TASK DATA Start Marker

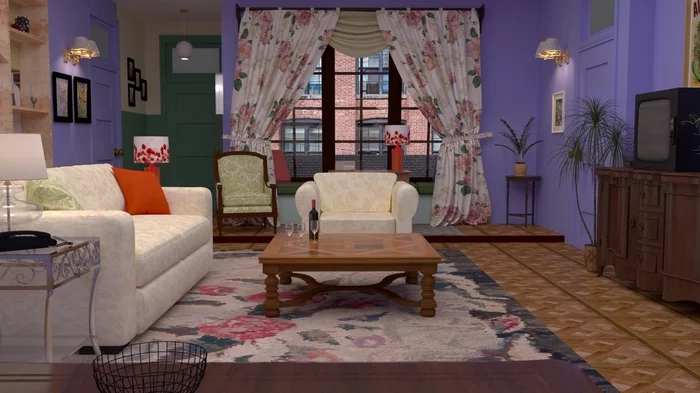 Visualization of Monica's living room - My, TV series Friends, Nostalgia, 3D modeling, 3DS max, Corona render, Longpost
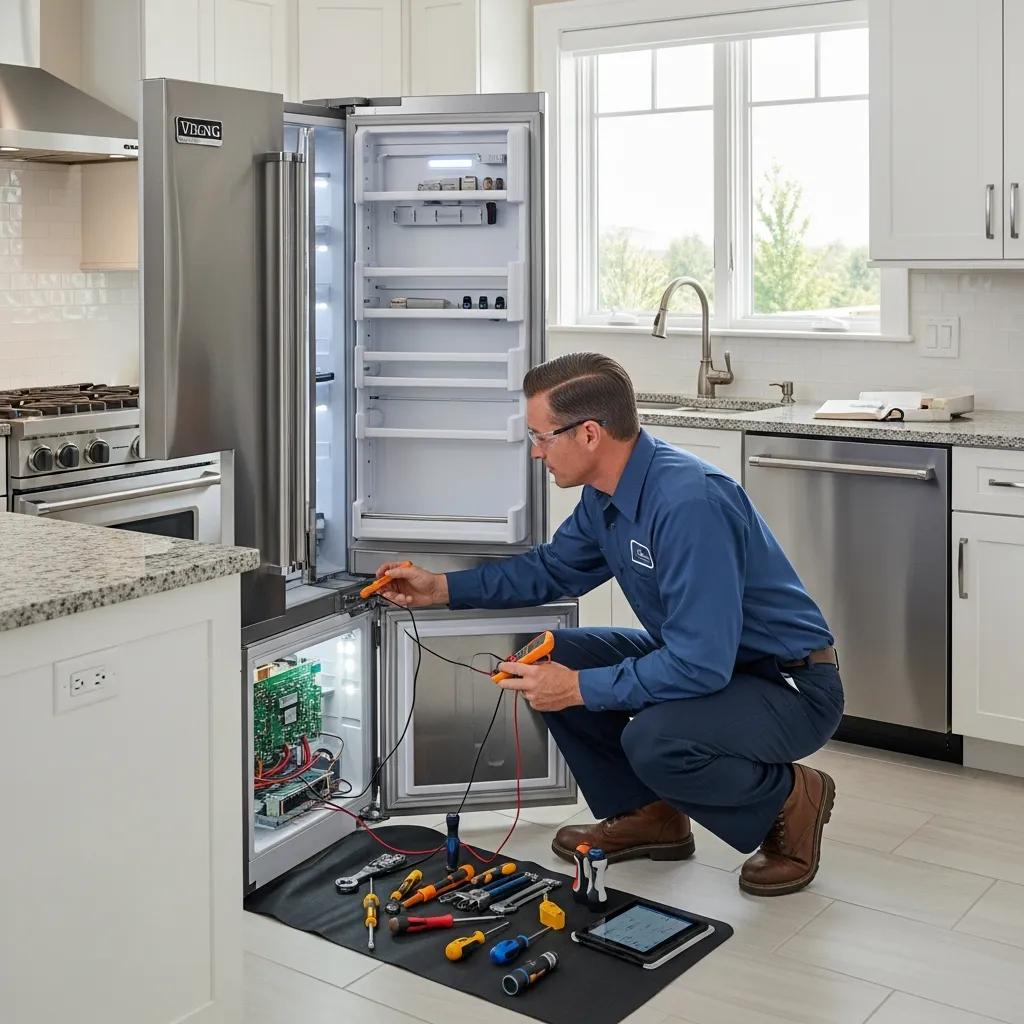 Certified technician inspecting a Viking refrigerator for emergency repair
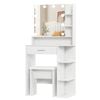 Advwin Dressing Table Set with LED Light, Drawer and Open Shelves, White
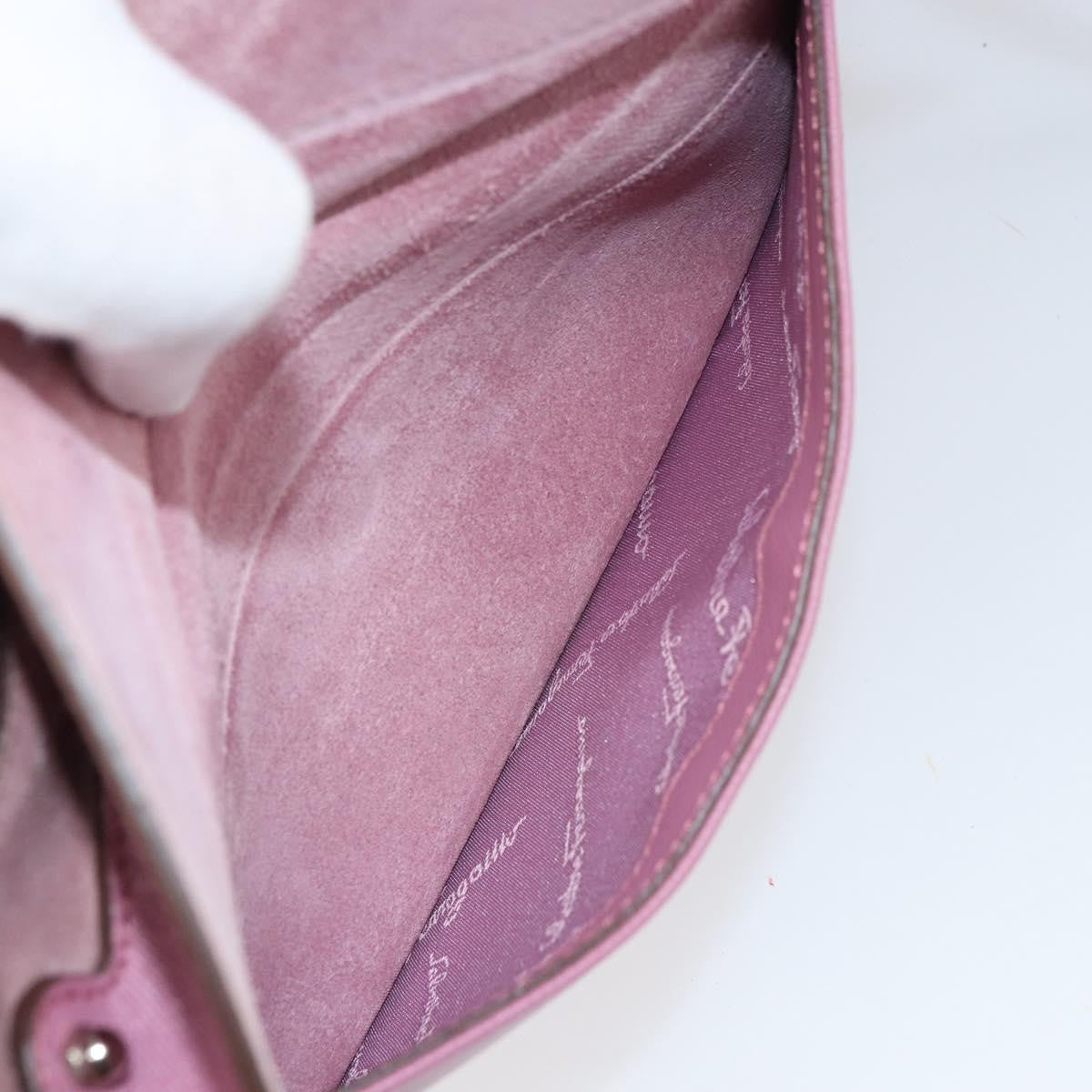 Salvatore Ferragamo Salvatore Ferragamo Gancini Shoulder Bag Suede Pink Silver Authentic 166453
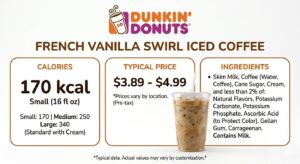 Dunkin Donuts French Vanilla Swirl Iced Coffee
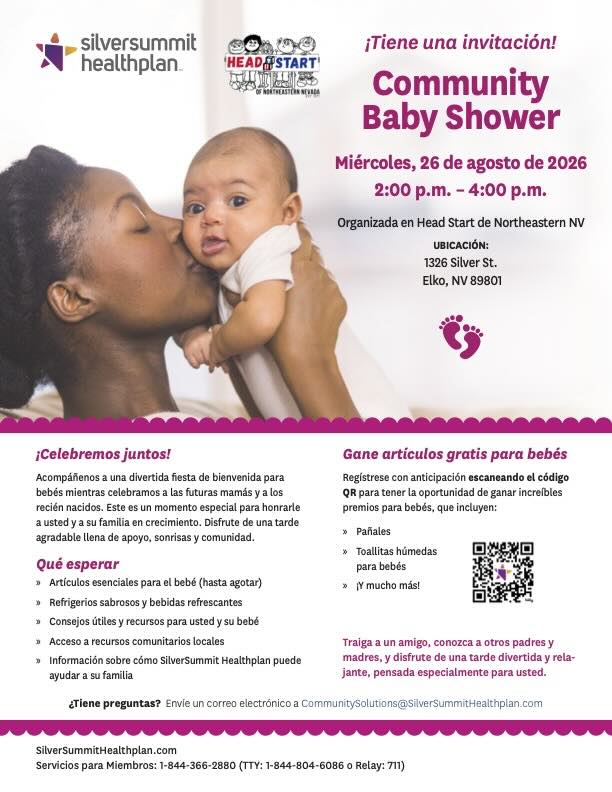 Community Baby Shower Elko Event Flyer (Spanish)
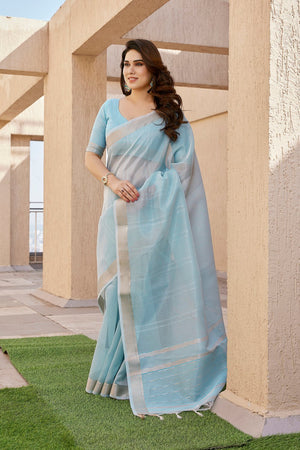 Turquoise Woven Silk Blend Saree (Eth_SR_1)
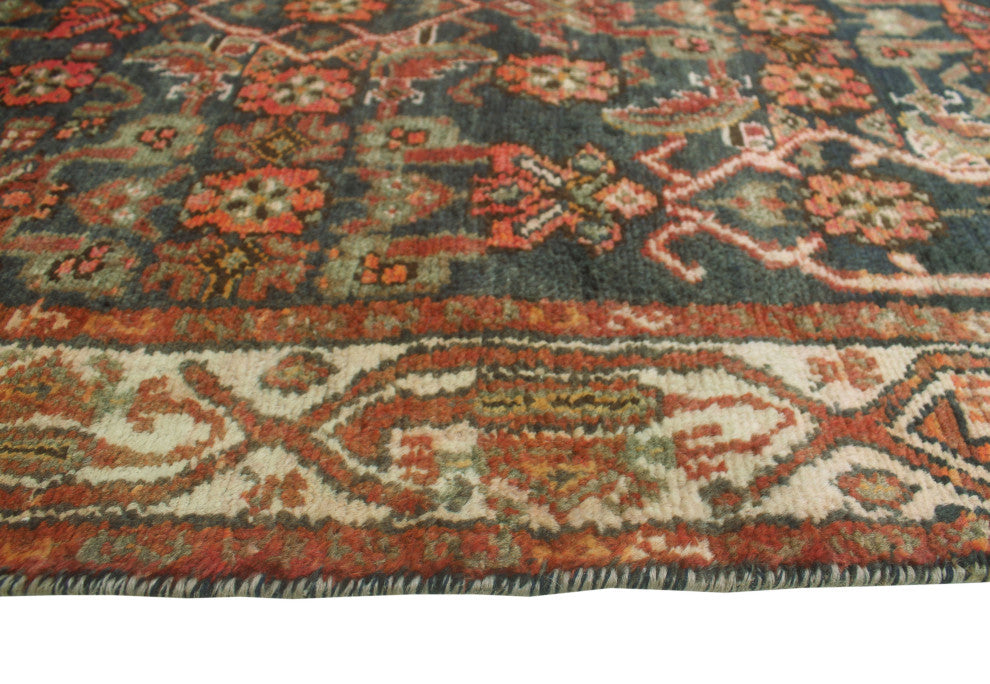 Fine Vintage Distressed Vinsone Navy/Rust Runner, 3'3x9'2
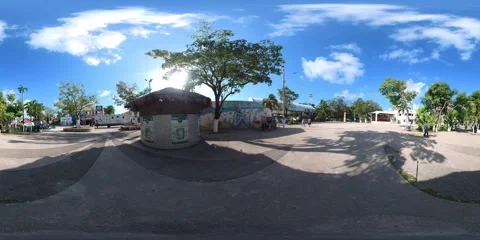 Streets in Tulum, Mexico, 360, VR Stock Footage 258069718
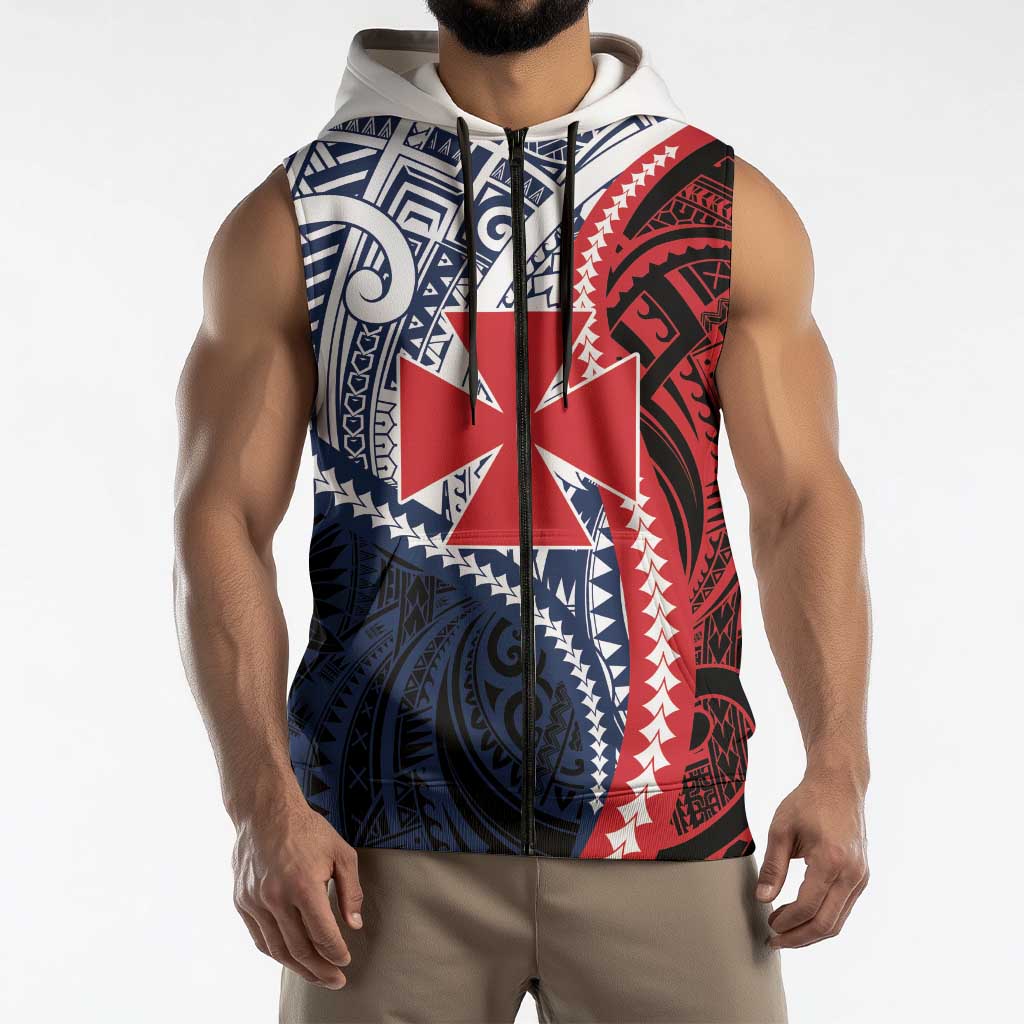 Kingdom of Uvea 1860-1886 Personalized Sleeveless Zip Hoodie Wallis and Futuna Polynesian Tribal Pattern LT9 - Polynesian Pride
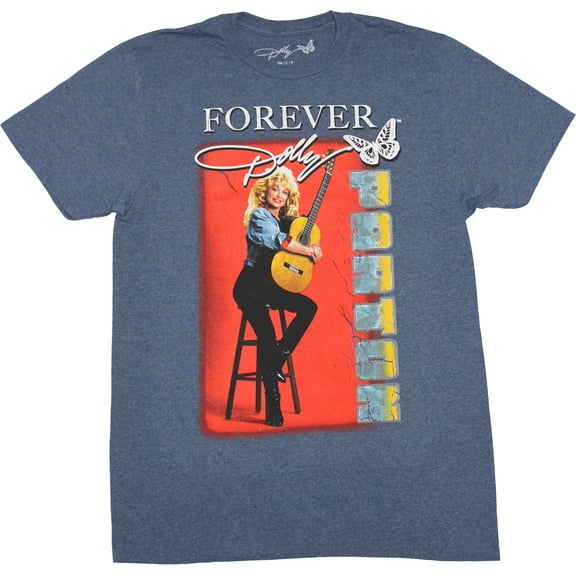 Dolly Pardon Mens T-Shirt - Forever Dolly Sitting Holding Guitar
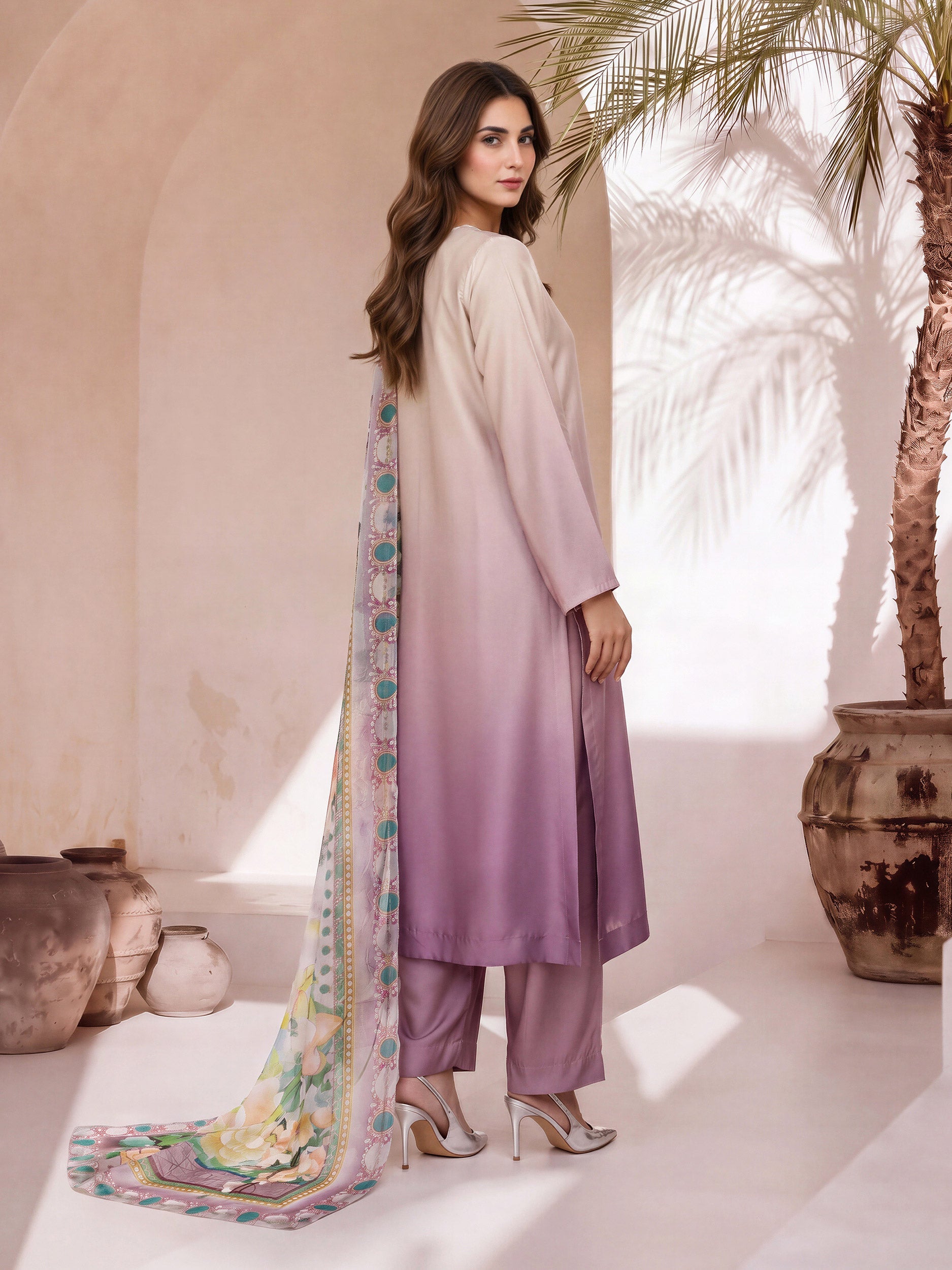 3 Piece Silk Suit- Embellished (Pret)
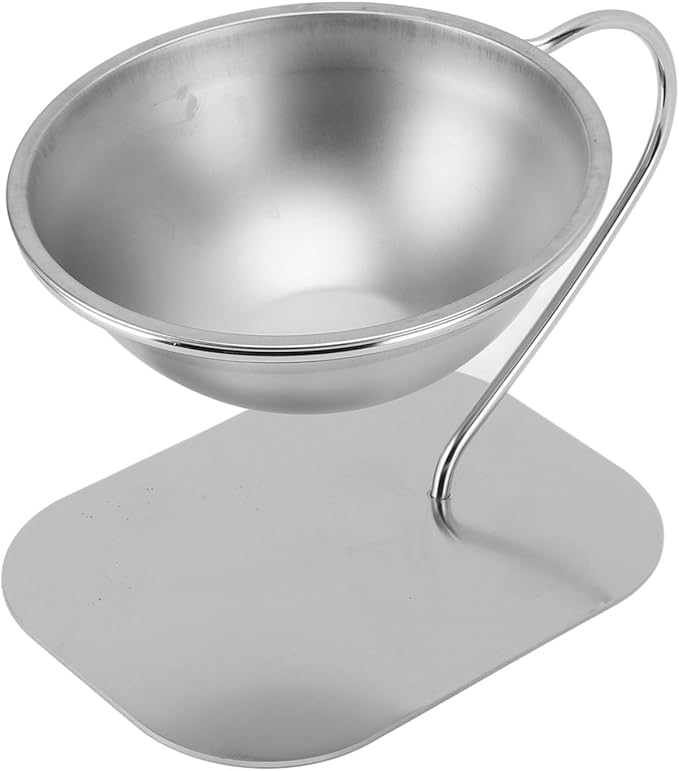 Raised Stainless Steel Elevated Tilted Cat Food Bowl for Large Capacity Cat Food Water Bowl, Suitable for 6.3 X 4.72 X 4.57in Pets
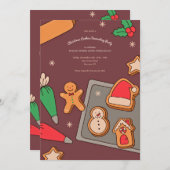 クリスマス・クッキー・デコレーション・パーティー 招待状 (正面/裏面)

TASK DATA End Marker

*ACTIVITY*
Your output should consist solely of the lines from the line containing "Kingdom of Uvea" through the end of the data above, copied exactly, with images removed.

*SOLUTION*
 Kingdom of Uvea 1860-1886 Personalized Sleeveless Zip Hoodie Wallis and Futuna Polynesian Tribal Pattern LT9 - Polynesian Pride
 Dolly Pardon Mens T-Shirt - Forever Dolly Sitting Holding Guitar
 3 Piece Silk Suit- Embellished (Pret)
 Raised Stainless Steel Elevated Tilted Cat Food Bowl for Large Capacity Cat Food Water Bowl, Suitable for 6.3 X 4.72 X 4.57in Pets
 クリスマス・クッキー・デコレーション・パーティー 招待状 (正面/裏面)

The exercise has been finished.